BEGIN Working data
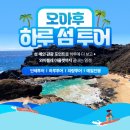 하소디자인 이미지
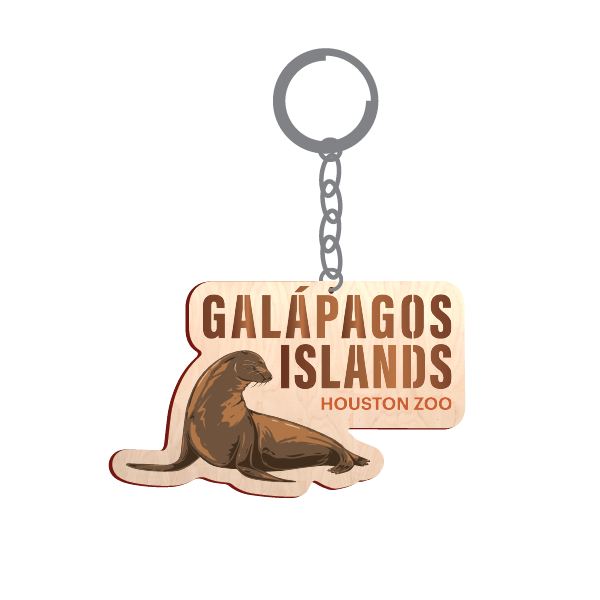 GALAPAGOS ISLANDS SEA LION KEY CHAIN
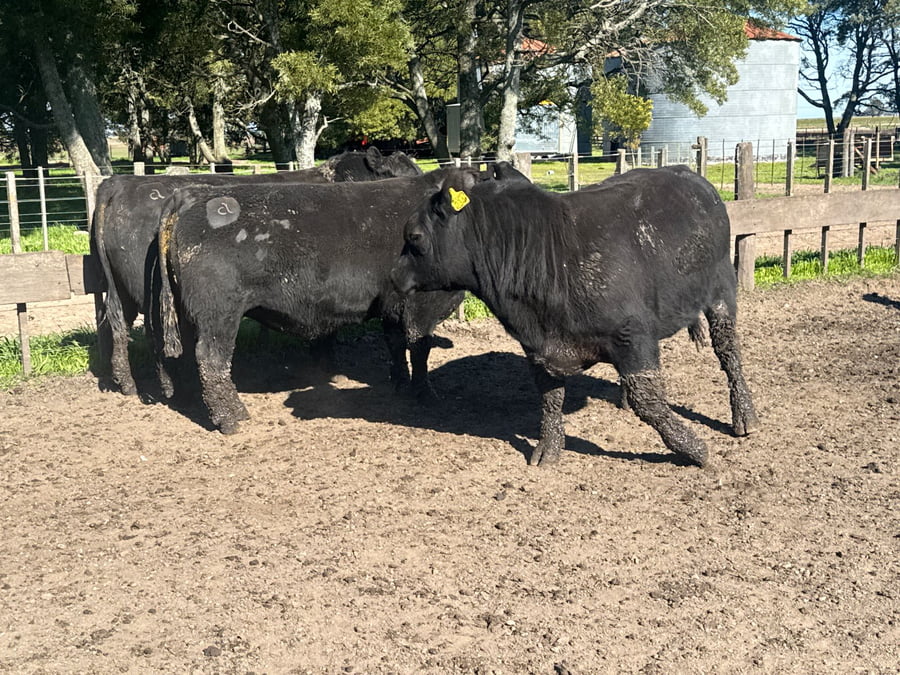 Lote TOROS PUROSCONTROLADOS SANTA MARTA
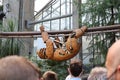 Crowd observing a mechanical sloth climbing the tree branch at the steampunk park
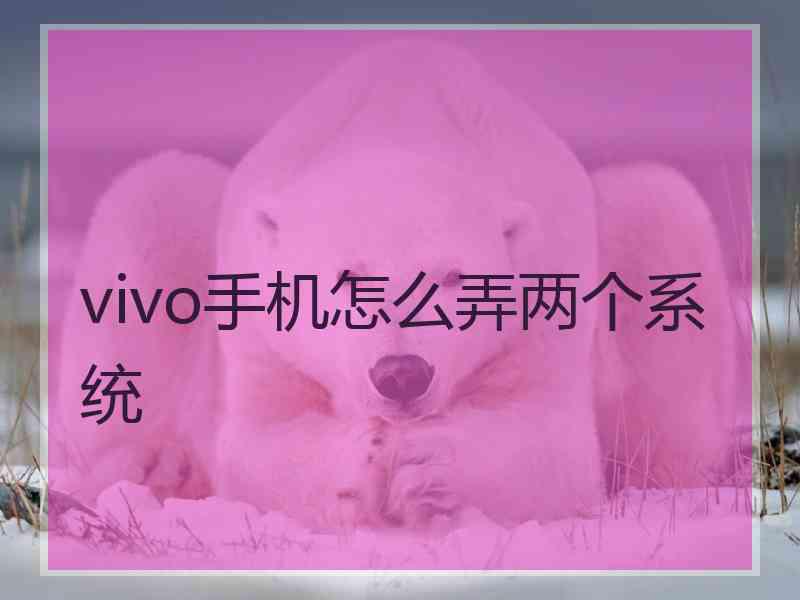 vivo手机怎么弄两个系统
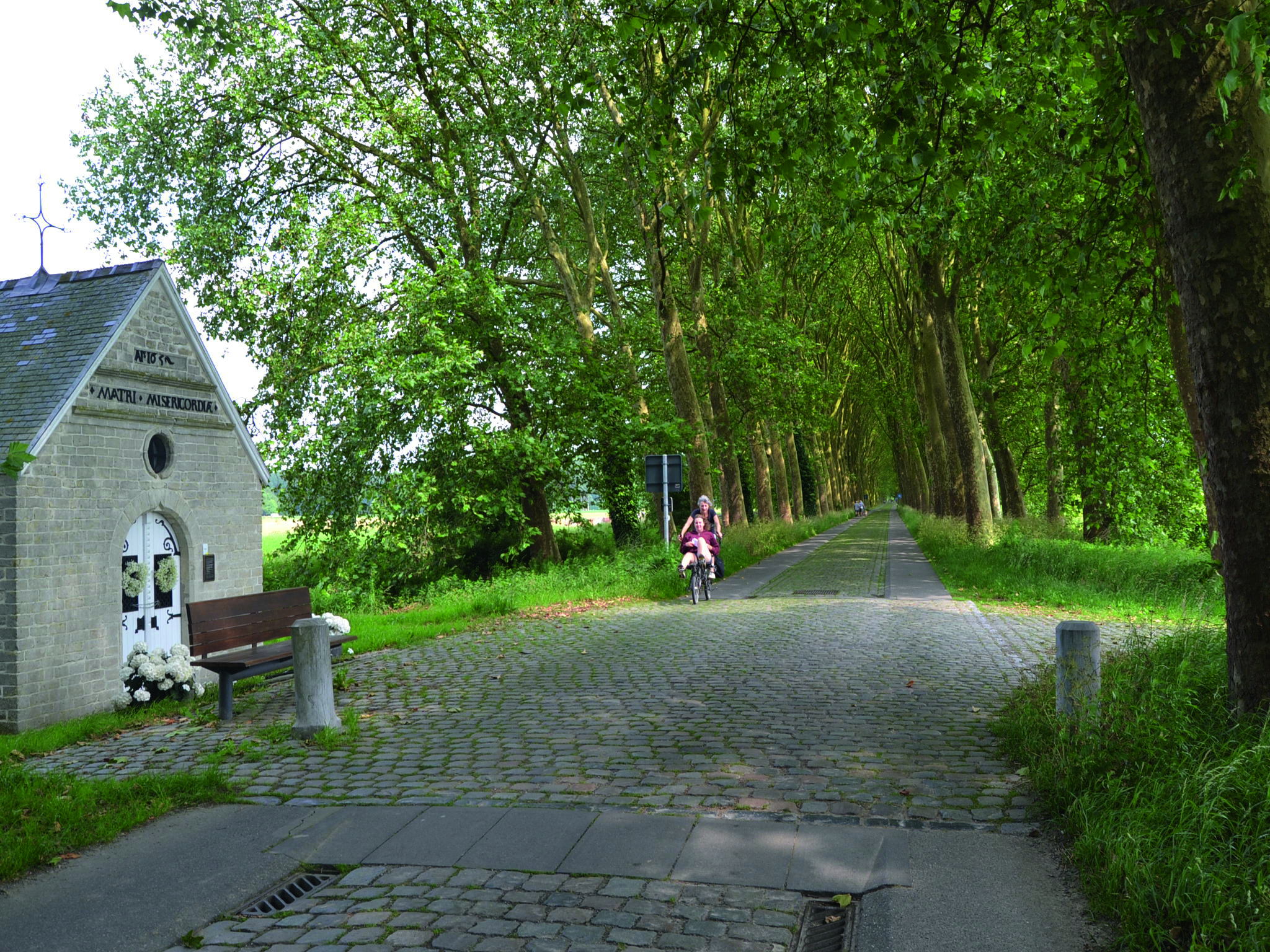 Kampenhout zet met natuurbeheerplan in op duurzaam bosbeheer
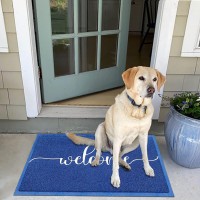 Aazzkang Blue Door Mat 36X24 Outdooor Entrance Large Welcome Doormat With Non Slip Rubber Backing Quickly Absorb Mud Outside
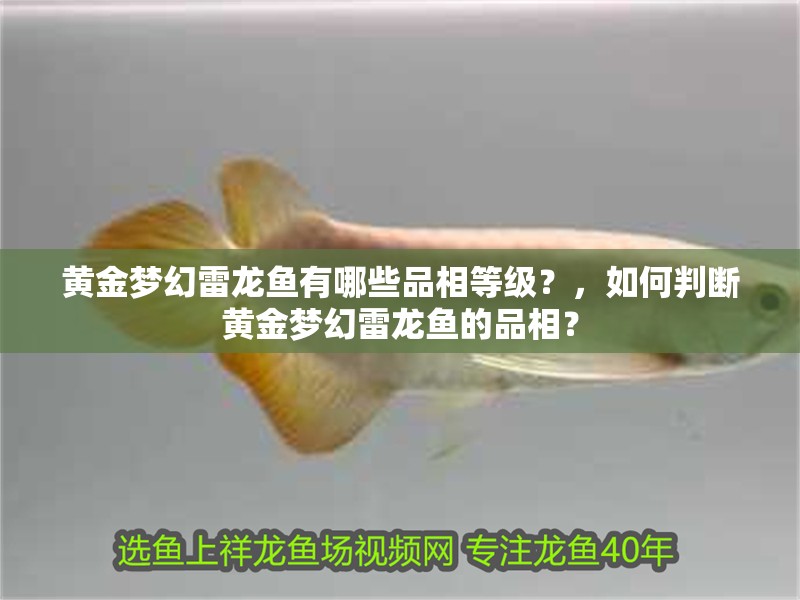 黃金夢幻雷龍魚有哪些品相等級？，如何判斷黃金夢幻雷龍魚的品相？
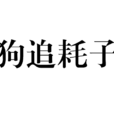 狗追耗子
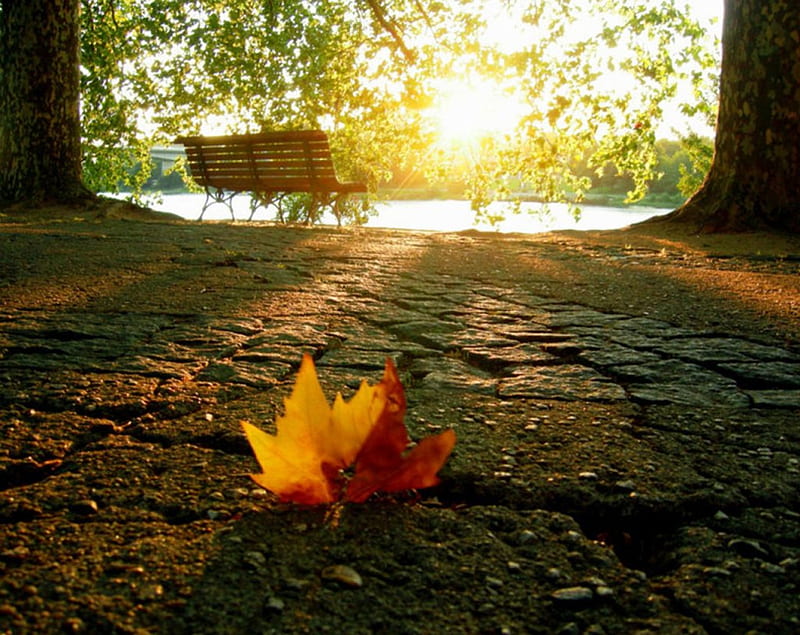 A beautiful autumn afternoon by the lake, autumn, bench, bonito, a, lake, afternoon, leaves, by, the, season, light, HD wallpaper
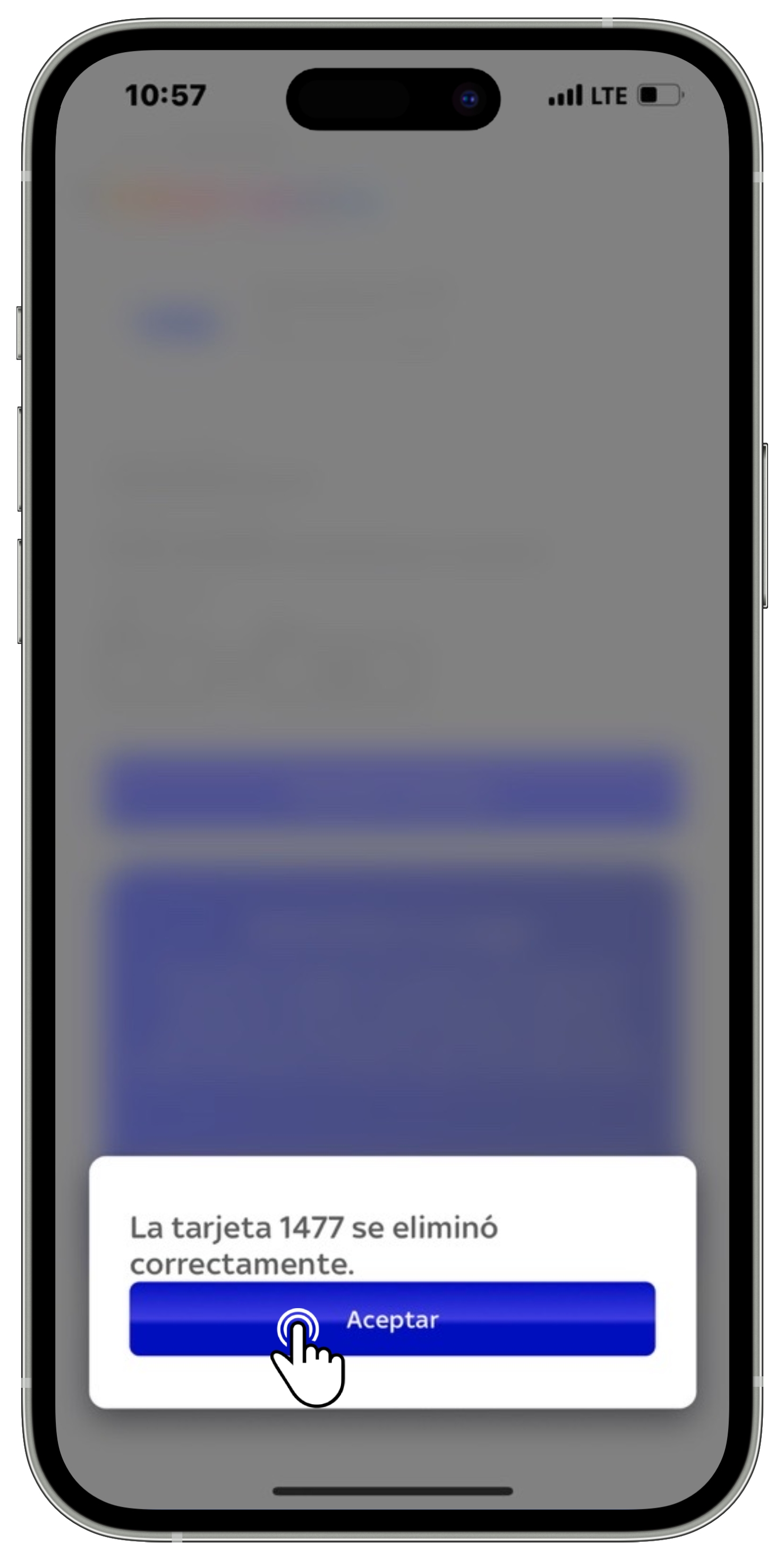 App Sky - Finalización Eliminar tarjeta 2.jpg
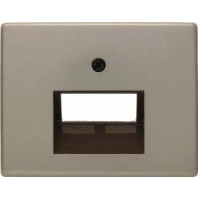 Central cover plate UAE/IAE (ISDN) 14100001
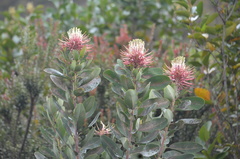 Oreocallis grandiflora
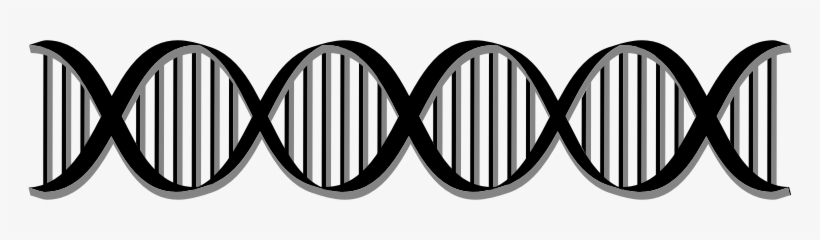 Medium Image - Dna Helix Black And White, transparent png download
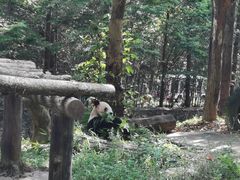 -都江堰中华大熊猫苑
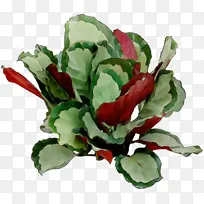 水彩 油漆 湿墨-空若网 水彩 油漆 湿墨-空若网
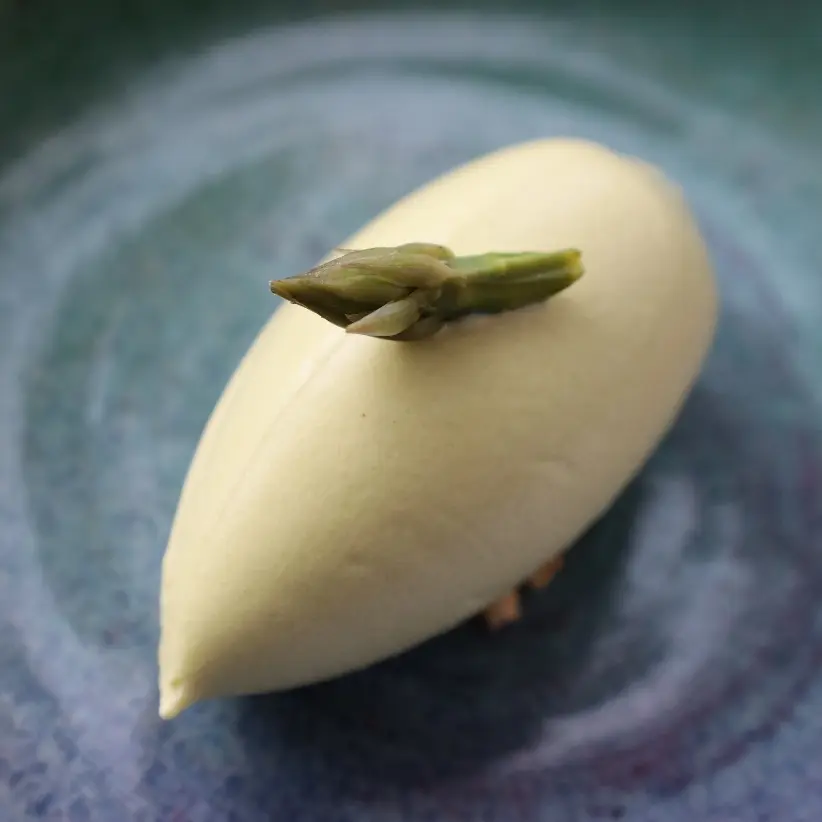 collection background
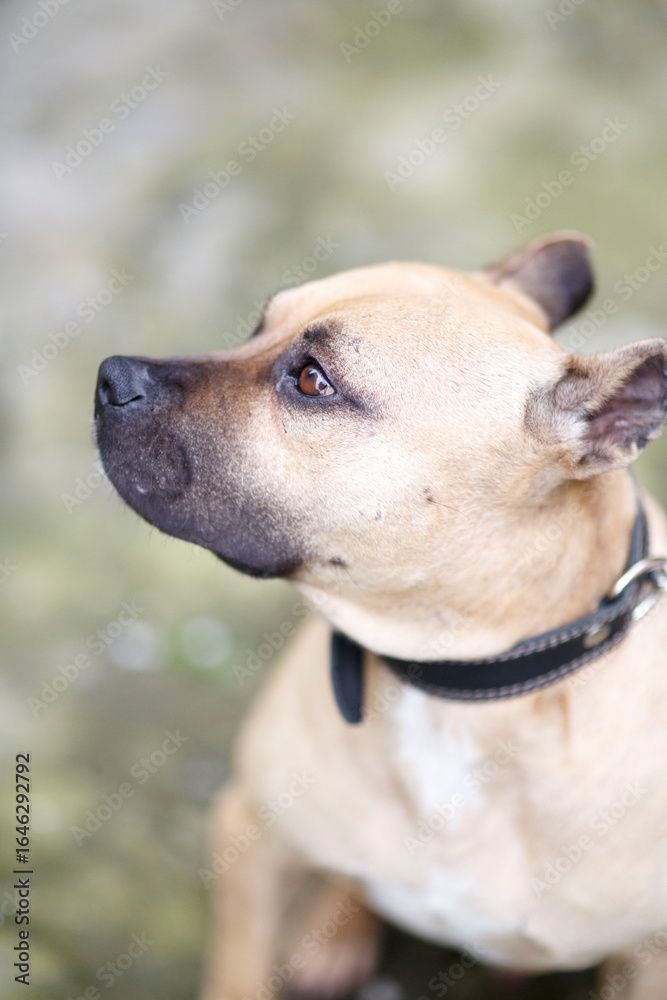 Staffordshire Terrier sitting Staffordshire Terrier sitting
END Working data
What is expected: Produce a verbatim copy of all records, minus pictures.

Worked solution:
 하소디자인 이미지
 GALAPAGOS ISLANDS SEA LION KEY CHAIN
 Lote TOROS PUROSCONTROLADOS SANTA MARTA
 Crowd observing a mechanical sloth climbing the tree branch at the steampunk park
 vivo手机怎么弄两个系统
 Kampenhout zet met natuurbeheerplan in op duurzaam bosbeheer
 Aazzkang Blue Door Mat 36X24 Outdooor Entrance Large Welcome Doormat With Non Slip Rubber Backing Quickly Absorb Mud Outside
 黃金夢幻雷龍魚有哪些品相等級？，如何判斷黃金夢幻雷龍魚的品相？
 狗追耗子
 A beautiful autumn afternoon by the lake, autumn, bench, bonito, a, lake, afternoon, leaves, by, the, season, light, HD wallpaper
 App Sky - Finalización Eliminar tarjeta 2.jpg
 Central cover plate UAE/IAE (ISDN) 14100001
 Oreocallis grandiflora
 Medium Image - Dna Helix Black And White, transparent png download
 -都江堰中华大熊猫苑
 水彩 油漆 湿墨-空若网 水彩 油漆 湿墨-空若网
 collection background
 Staffordshire Terrier sitting Staffordshire Terrier sitting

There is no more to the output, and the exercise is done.